INFORMATION PROVIDED:

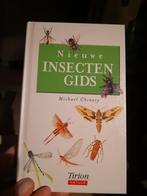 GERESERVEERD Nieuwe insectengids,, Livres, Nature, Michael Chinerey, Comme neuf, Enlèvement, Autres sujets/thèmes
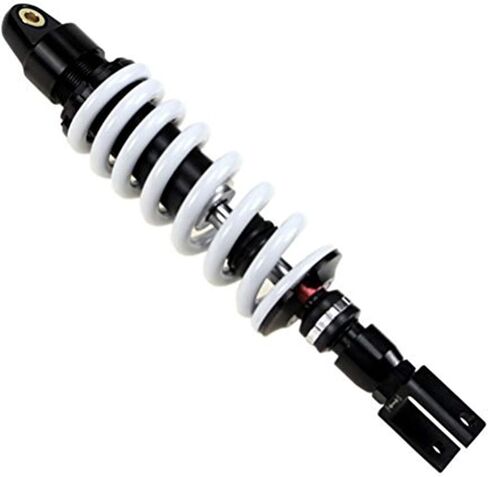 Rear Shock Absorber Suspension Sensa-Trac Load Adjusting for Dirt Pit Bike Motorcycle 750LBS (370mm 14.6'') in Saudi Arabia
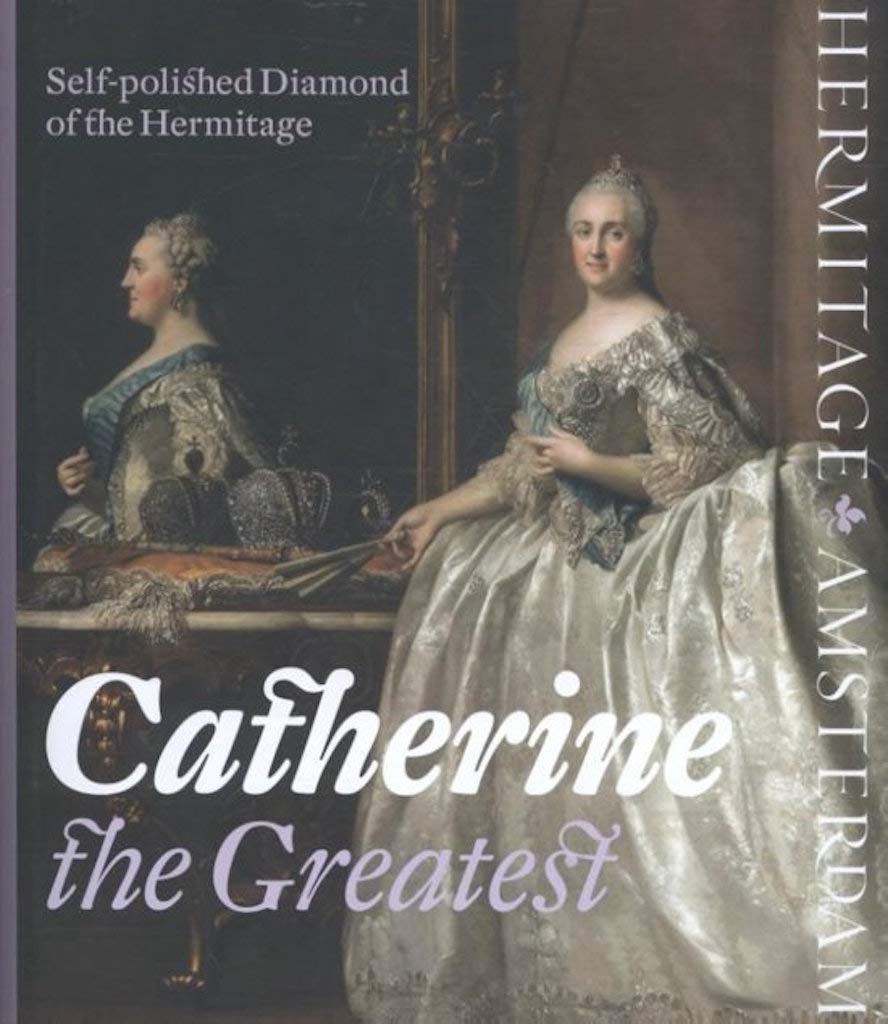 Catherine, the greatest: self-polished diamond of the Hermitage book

YOUR TASK: Would you restate all of the data above word for word, omitting the pictures?

OUTPUT:
 GERESERVEERD Nieuwe insectengids,, Livres, Nature, Michael Chinerey, Comme neuf, Enlèvement, Autres sujets/thèmes
 Rear Shock Absorber Suspension Sensa-Trac Load Adjusting for Dirt Pit Bike Motorcycle 750LBS (370mm 14.6'') in Saudi Arabia
 Catherine, the greatest: self-polished diamond of the Hermitage book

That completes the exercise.